(Aim of the task)
Below are the entries to work from; restate word for word the portion that opens with the line containing "A young couple" and closes with the line containing "a night sky with stars and a shooting star", keeping both.

(Extracted data)

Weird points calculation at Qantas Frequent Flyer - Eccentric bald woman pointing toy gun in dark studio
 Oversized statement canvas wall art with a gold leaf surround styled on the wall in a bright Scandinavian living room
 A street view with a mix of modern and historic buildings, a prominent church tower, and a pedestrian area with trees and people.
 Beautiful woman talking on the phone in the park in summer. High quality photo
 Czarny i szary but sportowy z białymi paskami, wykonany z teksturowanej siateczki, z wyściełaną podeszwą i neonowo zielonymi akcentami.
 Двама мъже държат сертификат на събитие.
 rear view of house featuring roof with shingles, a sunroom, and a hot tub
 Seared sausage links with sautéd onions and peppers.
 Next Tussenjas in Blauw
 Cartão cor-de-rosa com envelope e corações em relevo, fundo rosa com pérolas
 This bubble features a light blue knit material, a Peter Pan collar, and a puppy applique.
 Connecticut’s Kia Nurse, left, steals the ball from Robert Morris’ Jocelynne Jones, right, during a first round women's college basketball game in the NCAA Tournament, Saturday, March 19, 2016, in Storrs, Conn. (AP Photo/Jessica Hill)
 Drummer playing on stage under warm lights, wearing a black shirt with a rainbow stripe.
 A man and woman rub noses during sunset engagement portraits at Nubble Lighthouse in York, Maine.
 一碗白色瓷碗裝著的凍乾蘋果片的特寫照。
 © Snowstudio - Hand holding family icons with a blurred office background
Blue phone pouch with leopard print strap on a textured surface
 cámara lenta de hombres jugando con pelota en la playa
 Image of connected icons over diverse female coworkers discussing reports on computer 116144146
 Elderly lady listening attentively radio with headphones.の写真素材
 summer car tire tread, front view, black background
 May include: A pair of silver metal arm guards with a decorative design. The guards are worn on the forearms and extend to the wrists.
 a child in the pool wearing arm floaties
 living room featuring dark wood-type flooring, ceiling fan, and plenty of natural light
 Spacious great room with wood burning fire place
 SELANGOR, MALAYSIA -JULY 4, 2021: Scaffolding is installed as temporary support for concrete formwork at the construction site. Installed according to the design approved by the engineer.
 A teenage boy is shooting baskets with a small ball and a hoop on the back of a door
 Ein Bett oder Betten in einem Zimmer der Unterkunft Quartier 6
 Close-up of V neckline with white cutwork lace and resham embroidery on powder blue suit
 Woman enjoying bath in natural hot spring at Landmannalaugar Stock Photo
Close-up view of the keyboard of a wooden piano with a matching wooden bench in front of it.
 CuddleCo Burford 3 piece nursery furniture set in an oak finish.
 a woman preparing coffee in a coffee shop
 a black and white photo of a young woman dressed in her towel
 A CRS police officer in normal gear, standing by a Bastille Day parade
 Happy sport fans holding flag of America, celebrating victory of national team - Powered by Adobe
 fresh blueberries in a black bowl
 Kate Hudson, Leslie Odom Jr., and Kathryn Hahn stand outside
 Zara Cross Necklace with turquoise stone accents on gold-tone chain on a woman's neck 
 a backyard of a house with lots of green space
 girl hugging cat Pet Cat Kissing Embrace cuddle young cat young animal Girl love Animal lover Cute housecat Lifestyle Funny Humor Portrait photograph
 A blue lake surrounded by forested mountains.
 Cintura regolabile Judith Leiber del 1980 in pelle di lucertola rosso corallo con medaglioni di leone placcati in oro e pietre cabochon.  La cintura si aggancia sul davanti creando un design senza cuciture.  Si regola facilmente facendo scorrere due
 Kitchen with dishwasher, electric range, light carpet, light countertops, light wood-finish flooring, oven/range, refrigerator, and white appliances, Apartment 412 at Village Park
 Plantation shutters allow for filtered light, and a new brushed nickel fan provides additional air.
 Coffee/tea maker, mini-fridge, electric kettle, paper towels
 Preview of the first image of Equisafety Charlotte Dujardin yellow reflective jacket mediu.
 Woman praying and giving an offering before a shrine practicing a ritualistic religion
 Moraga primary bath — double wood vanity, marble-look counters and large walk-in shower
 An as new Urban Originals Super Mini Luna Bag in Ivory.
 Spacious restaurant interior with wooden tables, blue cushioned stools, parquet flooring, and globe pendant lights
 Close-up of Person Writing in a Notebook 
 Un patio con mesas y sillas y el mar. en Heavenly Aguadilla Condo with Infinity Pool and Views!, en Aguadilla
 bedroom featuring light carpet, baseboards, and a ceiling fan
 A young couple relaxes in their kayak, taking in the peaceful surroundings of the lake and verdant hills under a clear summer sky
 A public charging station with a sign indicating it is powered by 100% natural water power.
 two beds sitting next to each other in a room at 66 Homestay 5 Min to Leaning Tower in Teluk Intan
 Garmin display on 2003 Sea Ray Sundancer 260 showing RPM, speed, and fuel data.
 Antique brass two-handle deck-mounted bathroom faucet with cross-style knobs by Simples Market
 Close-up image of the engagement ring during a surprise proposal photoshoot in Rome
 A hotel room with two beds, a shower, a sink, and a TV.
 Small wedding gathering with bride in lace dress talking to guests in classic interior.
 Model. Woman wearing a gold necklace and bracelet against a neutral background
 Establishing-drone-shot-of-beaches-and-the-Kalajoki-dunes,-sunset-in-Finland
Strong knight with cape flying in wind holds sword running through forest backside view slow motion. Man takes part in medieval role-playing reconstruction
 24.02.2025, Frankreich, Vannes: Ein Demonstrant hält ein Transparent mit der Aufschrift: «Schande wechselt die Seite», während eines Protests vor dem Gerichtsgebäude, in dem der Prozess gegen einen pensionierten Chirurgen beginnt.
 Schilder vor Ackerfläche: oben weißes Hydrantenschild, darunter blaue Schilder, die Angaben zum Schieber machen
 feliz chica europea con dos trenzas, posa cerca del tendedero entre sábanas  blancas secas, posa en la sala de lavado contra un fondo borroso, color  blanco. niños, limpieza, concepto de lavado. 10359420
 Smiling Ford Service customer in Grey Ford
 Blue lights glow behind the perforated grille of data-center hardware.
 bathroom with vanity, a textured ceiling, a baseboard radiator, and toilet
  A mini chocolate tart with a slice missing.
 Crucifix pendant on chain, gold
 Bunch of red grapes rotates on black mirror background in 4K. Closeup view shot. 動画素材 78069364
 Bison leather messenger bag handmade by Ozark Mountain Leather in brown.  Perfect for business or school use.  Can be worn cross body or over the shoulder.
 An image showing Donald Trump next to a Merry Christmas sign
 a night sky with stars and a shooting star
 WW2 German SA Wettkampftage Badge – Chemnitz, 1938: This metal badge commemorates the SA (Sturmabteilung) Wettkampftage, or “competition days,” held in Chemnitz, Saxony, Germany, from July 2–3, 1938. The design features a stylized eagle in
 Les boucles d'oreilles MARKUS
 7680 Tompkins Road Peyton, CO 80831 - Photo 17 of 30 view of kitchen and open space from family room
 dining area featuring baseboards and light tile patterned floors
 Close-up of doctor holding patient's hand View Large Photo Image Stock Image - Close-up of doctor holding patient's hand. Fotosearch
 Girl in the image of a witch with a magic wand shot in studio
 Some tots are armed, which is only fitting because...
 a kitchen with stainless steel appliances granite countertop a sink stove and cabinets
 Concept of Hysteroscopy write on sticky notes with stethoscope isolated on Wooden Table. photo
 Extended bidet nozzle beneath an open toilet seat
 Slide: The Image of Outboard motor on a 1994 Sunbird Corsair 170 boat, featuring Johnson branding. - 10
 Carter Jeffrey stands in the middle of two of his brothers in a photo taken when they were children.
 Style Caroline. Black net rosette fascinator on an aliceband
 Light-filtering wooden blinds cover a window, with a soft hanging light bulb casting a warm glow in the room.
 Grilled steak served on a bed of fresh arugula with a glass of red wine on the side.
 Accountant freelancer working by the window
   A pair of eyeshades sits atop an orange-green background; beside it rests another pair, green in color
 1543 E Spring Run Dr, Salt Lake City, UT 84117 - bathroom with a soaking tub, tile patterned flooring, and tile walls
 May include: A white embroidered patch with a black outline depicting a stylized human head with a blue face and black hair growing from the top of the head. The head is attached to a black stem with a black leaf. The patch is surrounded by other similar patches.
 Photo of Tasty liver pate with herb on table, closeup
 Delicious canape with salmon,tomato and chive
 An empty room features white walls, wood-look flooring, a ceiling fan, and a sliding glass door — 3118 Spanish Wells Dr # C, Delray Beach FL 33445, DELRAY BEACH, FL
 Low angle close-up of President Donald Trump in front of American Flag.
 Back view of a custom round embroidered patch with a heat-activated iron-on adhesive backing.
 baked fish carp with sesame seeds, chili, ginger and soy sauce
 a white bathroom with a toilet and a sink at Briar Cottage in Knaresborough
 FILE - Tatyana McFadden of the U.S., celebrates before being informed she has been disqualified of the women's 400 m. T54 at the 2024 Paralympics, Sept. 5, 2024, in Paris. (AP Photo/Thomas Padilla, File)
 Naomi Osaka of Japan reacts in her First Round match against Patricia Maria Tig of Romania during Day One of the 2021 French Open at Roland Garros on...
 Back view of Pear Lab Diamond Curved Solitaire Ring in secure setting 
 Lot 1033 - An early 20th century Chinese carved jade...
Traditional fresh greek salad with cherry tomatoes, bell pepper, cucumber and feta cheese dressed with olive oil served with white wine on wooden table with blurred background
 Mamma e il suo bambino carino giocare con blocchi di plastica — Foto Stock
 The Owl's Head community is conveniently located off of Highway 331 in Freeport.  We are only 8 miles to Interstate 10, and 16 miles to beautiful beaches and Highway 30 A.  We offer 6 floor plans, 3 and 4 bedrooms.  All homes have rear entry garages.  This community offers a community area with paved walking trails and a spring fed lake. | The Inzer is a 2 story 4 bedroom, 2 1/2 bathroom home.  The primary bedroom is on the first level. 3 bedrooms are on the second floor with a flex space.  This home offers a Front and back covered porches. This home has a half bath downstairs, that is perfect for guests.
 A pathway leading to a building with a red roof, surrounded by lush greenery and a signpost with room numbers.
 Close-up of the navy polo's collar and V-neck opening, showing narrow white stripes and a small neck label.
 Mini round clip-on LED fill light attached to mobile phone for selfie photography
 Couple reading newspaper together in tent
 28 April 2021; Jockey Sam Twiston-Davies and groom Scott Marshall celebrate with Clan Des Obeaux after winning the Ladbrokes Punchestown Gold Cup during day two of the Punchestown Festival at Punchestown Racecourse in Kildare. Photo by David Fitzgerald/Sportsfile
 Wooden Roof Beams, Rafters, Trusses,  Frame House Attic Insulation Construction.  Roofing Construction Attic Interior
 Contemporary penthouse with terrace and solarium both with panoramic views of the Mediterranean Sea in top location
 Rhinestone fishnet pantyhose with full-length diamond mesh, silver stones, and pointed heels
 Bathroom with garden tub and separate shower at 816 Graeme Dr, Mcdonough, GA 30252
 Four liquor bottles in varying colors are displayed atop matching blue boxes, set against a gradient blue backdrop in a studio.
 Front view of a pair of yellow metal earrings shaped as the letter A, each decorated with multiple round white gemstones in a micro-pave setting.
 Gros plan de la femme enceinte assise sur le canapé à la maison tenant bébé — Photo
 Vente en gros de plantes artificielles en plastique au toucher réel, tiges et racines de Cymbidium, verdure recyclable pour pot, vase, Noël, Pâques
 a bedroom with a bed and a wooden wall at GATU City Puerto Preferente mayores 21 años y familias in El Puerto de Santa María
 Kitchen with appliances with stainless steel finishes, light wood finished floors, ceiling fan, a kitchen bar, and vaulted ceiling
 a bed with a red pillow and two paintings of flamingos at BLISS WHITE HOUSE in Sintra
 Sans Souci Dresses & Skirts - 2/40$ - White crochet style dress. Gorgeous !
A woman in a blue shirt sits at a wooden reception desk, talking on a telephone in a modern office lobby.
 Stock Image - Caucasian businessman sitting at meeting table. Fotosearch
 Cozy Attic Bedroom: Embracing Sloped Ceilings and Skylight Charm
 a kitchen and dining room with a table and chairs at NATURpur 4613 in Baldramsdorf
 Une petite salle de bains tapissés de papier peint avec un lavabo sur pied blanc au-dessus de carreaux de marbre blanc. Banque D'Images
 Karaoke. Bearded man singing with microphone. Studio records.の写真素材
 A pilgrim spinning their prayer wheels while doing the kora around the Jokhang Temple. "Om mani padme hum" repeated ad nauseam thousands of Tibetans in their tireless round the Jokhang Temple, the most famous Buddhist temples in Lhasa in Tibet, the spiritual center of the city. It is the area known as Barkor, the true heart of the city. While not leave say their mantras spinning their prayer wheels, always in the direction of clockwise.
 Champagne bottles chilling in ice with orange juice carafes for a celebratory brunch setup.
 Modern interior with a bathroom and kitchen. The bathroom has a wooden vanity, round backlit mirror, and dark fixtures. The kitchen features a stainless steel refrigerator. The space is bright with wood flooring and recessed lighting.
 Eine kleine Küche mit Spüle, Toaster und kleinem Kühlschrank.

(Solution to the problem)
 A young couple relaxes in their kayak, taking in the peaceful surroundings of the lake and verdant hills under a clear summer sky
 A public charging station with a sign indicating it is powered by 100% natural water power.
 two beds sitting next to each other in a room at 66 Homestay 5 Min to Leaning Tower in Teluk Intan
 Garmin display on 2003 Sea Ray Sundancer 260 showing RPM, speed, and fuel data.
 Antique brass two-handle deck-mounted bathroom faucet with cross-style knobs by Simples Market
 Close-up image of the engagement ring during a surprise proposal photoshoot in Rome
 A hotel room with two beds, a shower, a sink, and a TV.
 Small wedding gathering with bride in lace dress talking to guests in classic interior.
 Model. Woman wearing a gold necklace and bracelet against a neutral background
 Establishing-drone-shot-of-beaches-and-the-Kalajoki-dunes,-sunset-in-Finland
Strong knight with cape flying in wind holds sword running through forest backside view slow motion. Man takes part in medieval role-playing reconstruction
 24.02.2025, Frankreich, Vannes: Ein Demonstrant hält ein Transparent mit der Aufschrift: «Schande wechselt die Seite», während eines Protests vor dem Gerichtsgebäude, in dem der Prozess gegen einen pensionierten Chirurgen beginnt.
 Schilder vor Ackerfläche: oben weißes Hydrantenschild, darunter blaue Schilder, die Angaben zum Schieber machen
 feliz chica europea con dos trenzas, posa cerca del tendedero entre sábanas  blancas secas, posa en la sala de lavado contra un fondo borroso, color  blanco. niños, limpieza, concepto de lavado. 10359420
 Smiling Ford Service customer in Grey Ford
 Blue lights glow behind the perforated grille of data-center hardware.
 bathroom with vanity, a textured ceiling, a baseboard radiator, and toilet
  A mini chocolate tart with a slice missing.
 Crucifix pendant on chain, gold
 Bunch of red grapes rotates on black mirror background in 4K. Closeup view shot. 動画素材 78069364
 Bison leather messenger bag handmade by Ozark Mountain Leather in brown.  Perfect for business or school use.  Can be worn cross body or over the shoulder.
 An image showing Donald Trump next to a Merry Christmas sign
 a night sky with stars and a shooting star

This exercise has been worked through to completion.